People my age are putting off parenthood partly because of their bottom lines, but also because meaningful careers and leisure time are important to us.
Parenthood can be delayed, it seems, with a little luck - or science.
In her much-discussed recent essay in the Atlantic, asking whether women can 'have it all', Princeton professor Anne-Marie Slaughter acknowledged that struggling to have children later in life can be costly and frustrating.
Her solution? Try to have a baby before you turn 35 or 'freeze your eggs, whether you are married or not'. Easy enough. Why shouldn't we wait until we're financially secure and emotionally mature to have children?
Yet that logic falls apart when I'm scrubbing a bloody handprint off my father's kitchen wall because he lost his balance in the middle of the night and fell down so hard that his brow broke the tile.

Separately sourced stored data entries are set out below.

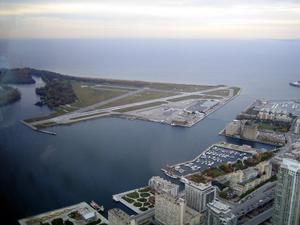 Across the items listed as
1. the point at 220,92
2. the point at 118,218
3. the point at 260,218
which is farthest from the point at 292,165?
the point at 220,92

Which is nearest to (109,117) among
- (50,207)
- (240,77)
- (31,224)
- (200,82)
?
(50,207)

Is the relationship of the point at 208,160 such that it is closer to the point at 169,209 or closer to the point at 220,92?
the point at 169,209

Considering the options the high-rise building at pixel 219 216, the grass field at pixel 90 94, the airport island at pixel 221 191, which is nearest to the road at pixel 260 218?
the airport island at pixel 221 191

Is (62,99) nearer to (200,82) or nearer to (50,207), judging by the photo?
(50,207)

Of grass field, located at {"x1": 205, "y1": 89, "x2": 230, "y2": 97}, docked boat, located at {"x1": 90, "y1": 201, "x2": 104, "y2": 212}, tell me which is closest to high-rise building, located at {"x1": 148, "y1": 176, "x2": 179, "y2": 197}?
docked boat, located at {"x1": 90, "y1": 201, "x2": 104, "y2": 212}

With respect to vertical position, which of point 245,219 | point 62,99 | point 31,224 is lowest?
point 245,219

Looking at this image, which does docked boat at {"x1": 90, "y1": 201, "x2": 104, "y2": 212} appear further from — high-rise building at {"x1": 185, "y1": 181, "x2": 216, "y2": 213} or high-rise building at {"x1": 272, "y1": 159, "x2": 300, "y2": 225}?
high-rise building at {"x1": 272, "y1": 159, "x2": 300, "y2": 225}

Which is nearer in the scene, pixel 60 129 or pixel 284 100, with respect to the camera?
pixel 60 129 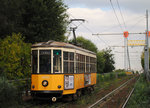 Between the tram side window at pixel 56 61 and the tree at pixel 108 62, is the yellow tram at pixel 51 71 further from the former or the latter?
the tree at pixel 108 62

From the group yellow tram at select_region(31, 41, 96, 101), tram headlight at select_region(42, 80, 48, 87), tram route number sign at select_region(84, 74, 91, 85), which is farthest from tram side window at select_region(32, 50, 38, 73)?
tram route number sign at select_region(84, 74, 91, 85)

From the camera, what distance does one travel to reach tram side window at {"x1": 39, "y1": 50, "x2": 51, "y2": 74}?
1236 cm

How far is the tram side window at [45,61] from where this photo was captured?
40.5ft

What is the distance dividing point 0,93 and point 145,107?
6.22 metres

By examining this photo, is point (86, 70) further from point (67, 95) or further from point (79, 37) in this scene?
point (79, 37)

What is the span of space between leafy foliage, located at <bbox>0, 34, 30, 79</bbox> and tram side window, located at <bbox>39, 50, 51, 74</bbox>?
1742 millimetres

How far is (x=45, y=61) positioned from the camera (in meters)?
12.4

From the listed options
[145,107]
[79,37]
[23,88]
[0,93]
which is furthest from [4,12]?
[79,37]

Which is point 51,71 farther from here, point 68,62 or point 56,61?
point 68,62

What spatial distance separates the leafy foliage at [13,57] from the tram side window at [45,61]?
1742 mm

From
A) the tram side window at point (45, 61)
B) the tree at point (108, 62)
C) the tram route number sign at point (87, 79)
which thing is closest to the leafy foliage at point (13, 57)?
the tram side window at point (45, 61)

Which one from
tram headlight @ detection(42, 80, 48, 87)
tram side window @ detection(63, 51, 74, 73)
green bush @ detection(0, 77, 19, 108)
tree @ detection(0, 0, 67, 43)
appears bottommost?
green bush @ detection(0, 77, 19, 108)

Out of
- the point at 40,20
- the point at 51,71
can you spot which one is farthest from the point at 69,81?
the point at 40,20

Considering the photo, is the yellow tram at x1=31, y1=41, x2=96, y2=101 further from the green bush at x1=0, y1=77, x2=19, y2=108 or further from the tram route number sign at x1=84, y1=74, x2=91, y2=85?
the tram route number sign at x1=84, y1=74, x2=91, y2=85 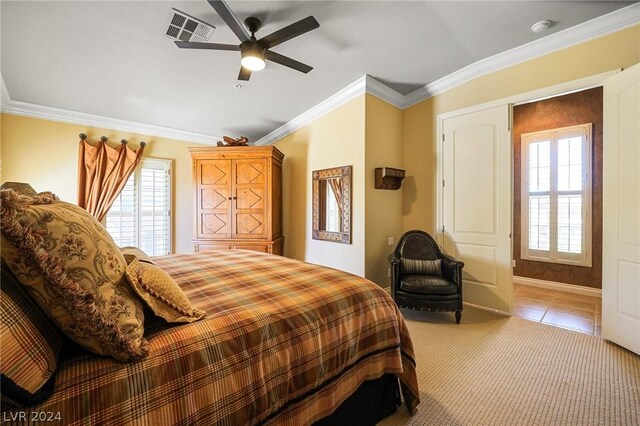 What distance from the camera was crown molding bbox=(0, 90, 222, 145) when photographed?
11.2 ft

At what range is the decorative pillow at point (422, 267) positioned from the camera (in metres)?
3.01

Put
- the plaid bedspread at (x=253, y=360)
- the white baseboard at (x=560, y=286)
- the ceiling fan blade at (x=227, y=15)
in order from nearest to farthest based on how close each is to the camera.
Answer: the plaid bedspread at (x=253, y=360) < the ceiling fan blade at (x=227, y=15) < the white baseboard at (x=560, y=286)

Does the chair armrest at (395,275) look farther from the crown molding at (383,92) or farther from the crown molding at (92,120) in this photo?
the crown molding at (92,120)

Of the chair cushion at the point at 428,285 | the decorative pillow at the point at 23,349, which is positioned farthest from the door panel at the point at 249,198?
the decorative pillow at the point at 23,349

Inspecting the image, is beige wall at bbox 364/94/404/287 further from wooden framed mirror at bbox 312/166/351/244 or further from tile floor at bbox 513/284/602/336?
tile floor at bbox 513/284/602/336

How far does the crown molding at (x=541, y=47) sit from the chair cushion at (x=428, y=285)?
96.2 inches

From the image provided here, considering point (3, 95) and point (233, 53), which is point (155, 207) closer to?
point (3, 95)

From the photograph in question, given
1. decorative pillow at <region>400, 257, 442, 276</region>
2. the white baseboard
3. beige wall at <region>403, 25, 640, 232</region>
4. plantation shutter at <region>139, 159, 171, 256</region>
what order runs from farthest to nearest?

It rings hollow when I uselessly think about the extra decade I might have had to hang out with my mother if she had given birth to me when she was younger.
While my friends' parents are still nagging them, doing their laundry on holidays and helping them fill out health-care forms, I'm doing those things for my dad. When my friends ask their mums for advice, I can only speculate what mine would have said.
Granted, my mother died when she was only 64. And all things considered, my father is sprightly; he still works as a professor, reads several books a week and travels frequently. He has friends and a girlfriend.
Financially, he's pretty lucky; he can pay for a person to clean his apartment, and he can spring for a cab when he needs one. He has long-term care insurance, which means he can pay for live-in help when the time comes. In some ways, mine is the best-case scenario for a daughter with a 79-year-old dad.
But what about the families who can't afford any of that? The irony is that when you have a child at 45, you're ensuring that your children will grow up faster than you ever had to. It guarantees that your kids will have less of the freedom you enjoyed because they'll be taking care of you earlier.
Having an older father means I don't feel right leaving New York or turning off my cellphone for three days. I push away fantasies of pressing the reset button on my life and moving far away. Even if my dad were in Olympian shape, I still wouldn't want to squander my last decade with him living thousands of miles apart. Losing my mother in my formative years was gut-wrenching, and all of my grandparents had died by the time I turned 25.
It's one thing to decide to have children late or not at all. It's another thing to feel that you have no other choice. If childcare were free and ubiquitous, if elder care were humane and easy to navigate, if the job market weren't so tough, I'd gladly have a child at 27.
But for now, deciding when to have children is a riddle of figuring out the right age when neither my ovaries nor my career prospects will wither. I can only hope my children, whenever I have them, will have more than these infuriating options. We'll have to demand that world first.
WASHINGTON POST
Nona Willis Aronowitz is a writer and co-founder of Tomorrow magazine.